Somalia Flood Response Plan - November 2019 - January 2020

Report
from UN Office for the Coordination of Humanitarian Affairs
Published on 23 Nov 2019

HIGHLIGHTS

• Flooding caused by heavy rains in Somalia and the Ethiopian highlands has affected just over half a million people in Somalia since 21 October, of whom 370,000 have been displaced from their homes. At least 17 people have died, including 2 children.

• Belet Weyne district in Hiraan region is worst affected with 231,000 people displaced from their homes. Another 55,000 people have been displaced in Baardheere in Gedo region of Jubaland while 30,000 people, many of them women and children, have been affected by heavy rains in Berdale district in South West State.

• Farmland and infrastructure have been destroyed and livelihoods disrupted in some of the worst-hit areas. Significant losses of livestock are reported. More than 10,000 hectares of cropland has been damaged in Jowhar and Mahaday Weyne in Middle Shabelle. Three quarters of Berdale town (60 km west of Baidoa) is submerged under flood water.

• Humanitarian partners are working with a task force in Hirshabelle State and the inter-ministerial committee consisting of the ministries of health, internal affairs, energy, water, agriculture, education, planning and information. In South West State, UN agencies, AMISOM and local leaders are jointly planning flood responses.

• Drawing from own resources, supply stockpiles and reprogramming, agencies and their partners have managed to respond to the ongoing floods crisis and have reached at least 105,000 with assistance. The assistance has however been disparate across the regions and falls short of the time-critical scale up required to avert a disaster.

• Humanitarian agencies have broadened and scaled up their flood responses in close coordination with the Government. The UNHAS fleet has been enhanced by helicopter and fixed-wing flights to deliver tonnes of supplies to affected regions.

• This Flood Response Plan – Phase I - will cover the possibility of continued or increased flooding through December and likely to the end of January. Impact assessments of the extent of flood impact will be undertaken and if necessary, Phase II will be implemented.

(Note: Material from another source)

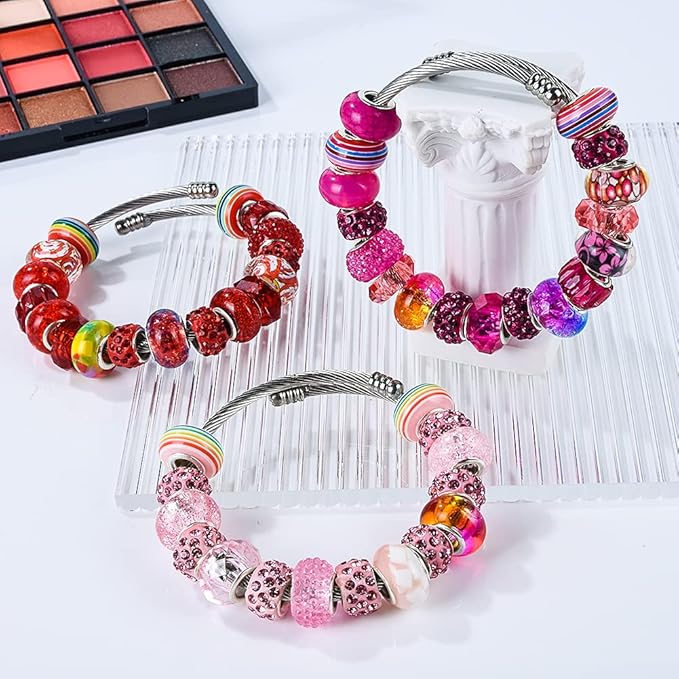 Aipridy Assortment European Large Hole Beads Spacer Beads Rhinestone Craft Beads for DIY Charms Bracelet Jewelry Making (Rose-Red-Rose red)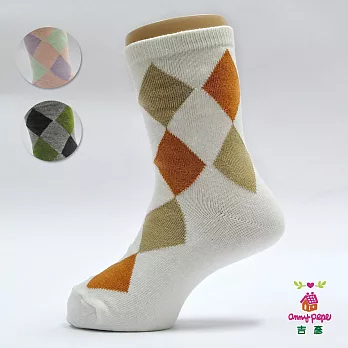 【anny pepe】兒童菱形方塊短襪19米白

• The plan requires US$72.5 million to implement. Some $25 million has been made available by mid-November, mostly through the two pooled funds and limited bilateral contributions. About $11 million has been made available by the Somalia Humanitarian Fund (SHF) in addition to the $8 million released by the Central Emergency Response Fund (CERF) for immediate life-saving activities. Further funding has been provided by ECHO and DFID, but another $47.5 million is required to meet the immediate needs of the flood-affected population.